「え……は?」
突拍子のない言葉に無防備だった僕は思わずのんでいたジュースを吹き出しそうになった。噎むせながら聞き間違いかと那音に再度確認するが、返ってきた言葉に落胆した。
「今日会う女の子さ、すげー可愛いんだぜ? オレも写真でしか見たことないんだけど、写真であれはヤバい」
「ふーん」
「興味ないのかよ」
興味ない。他人と深い人間関係は好まない。まして、彼女なんてもってのほかだ。
浮かれている那音。これが正常な男子高校生の反応なのだとしたら、僕は異常なのだろう。
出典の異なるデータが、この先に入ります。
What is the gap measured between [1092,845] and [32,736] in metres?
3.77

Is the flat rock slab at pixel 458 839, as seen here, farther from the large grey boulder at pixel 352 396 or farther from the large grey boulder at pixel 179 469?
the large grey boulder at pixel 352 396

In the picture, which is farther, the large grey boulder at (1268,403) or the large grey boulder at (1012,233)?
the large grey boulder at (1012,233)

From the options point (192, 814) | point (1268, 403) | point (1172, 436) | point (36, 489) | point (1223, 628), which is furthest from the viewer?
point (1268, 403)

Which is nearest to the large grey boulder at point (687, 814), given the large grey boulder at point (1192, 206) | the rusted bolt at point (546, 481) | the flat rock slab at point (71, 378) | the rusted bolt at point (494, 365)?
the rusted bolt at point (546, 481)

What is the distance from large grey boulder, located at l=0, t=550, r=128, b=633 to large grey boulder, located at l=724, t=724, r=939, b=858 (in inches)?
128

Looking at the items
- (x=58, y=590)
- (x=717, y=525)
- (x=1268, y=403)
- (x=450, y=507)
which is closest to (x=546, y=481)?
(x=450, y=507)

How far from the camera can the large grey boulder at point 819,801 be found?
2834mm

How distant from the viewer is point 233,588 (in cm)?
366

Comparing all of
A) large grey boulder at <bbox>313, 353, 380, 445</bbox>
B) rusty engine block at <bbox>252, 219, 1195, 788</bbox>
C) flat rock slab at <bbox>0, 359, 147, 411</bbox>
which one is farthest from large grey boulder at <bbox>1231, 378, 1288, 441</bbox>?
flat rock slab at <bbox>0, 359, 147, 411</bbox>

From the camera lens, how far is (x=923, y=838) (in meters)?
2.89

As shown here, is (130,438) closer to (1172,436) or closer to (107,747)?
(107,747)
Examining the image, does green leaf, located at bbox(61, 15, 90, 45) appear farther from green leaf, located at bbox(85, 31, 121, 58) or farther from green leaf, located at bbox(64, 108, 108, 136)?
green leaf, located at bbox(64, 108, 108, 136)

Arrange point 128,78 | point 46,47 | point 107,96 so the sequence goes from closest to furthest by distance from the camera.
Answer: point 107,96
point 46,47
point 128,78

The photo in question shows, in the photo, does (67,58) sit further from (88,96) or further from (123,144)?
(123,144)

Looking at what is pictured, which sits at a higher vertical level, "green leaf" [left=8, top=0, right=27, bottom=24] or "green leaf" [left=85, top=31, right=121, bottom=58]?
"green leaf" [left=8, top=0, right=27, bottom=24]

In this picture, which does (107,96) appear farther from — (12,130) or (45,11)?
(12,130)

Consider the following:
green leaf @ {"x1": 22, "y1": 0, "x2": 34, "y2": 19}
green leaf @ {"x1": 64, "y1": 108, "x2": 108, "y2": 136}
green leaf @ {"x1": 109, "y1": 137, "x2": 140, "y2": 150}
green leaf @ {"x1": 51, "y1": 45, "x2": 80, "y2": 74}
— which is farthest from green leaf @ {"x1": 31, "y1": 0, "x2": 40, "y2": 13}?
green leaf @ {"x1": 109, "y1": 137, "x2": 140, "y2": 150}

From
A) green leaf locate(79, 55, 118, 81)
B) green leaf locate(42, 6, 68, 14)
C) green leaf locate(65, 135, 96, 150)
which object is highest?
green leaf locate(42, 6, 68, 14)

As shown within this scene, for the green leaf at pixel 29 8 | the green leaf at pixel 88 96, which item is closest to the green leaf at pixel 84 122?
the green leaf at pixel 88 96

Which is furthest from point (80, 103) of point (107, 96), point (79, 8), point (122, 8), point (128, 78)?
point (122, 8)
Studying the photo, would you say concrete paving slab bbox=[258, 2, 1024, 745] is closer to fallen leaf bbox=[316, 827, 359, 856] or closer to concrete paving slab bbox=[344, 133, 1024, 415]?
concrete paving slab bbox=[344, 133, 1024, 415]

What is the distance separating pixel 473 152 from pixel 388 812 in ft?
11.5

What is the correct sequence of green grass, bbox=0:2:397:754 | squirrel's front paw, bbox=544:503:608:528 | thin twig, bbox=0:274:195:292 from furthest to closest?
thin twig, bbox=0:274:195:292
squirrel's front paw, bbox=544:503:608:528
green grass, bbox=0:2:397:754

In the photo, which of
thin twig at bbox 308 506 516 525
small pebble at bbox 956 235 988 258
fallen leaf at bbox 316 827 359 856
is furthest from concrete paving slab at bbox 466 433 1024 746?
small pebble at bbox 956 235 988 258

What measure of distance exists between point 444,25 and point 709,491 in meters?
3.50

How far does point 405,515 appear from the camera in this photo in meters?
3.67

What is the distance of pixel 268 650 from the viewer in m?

「あの長い栗色の髪に大きな瞳! しかも同学年とか本当、なんで彼氏がいないのか逆に不思議っつーか」
「那音、お前彼女いるだろ。いいのかよ。そんなに他の子のことばっかりで」
「男は可愛い女の子には夢を見るもんなんだよ!」
途端に正座を崩し、胡坐あぐらをかきながら那音はフンッと鼻を鳴らした。
「それ、彼女に言ってやろうか」
その言葉に那音は急に顔色を変えた。
「ちょ、やめてマジで! つーかさぁ、お前もマジでもったいねーよなぁ」
向けられた那音の視線に僕は無意識に体を反らせる。凝視されるのは、あまりいい気分ではない。
「なにが?」
「男目線で見ても、お前は絶対モテるはずなんだよ。なのに女子と話しているところ見たことないし……お前もしかして童「興味ない」
反射的に那音の言葉を遮りながら、僕は溜息をつく。
もうすぐ死ぬ人間になにを言っているのだろうか。未練なんてものはない。面倒。ただ、全てのことにやる気がない。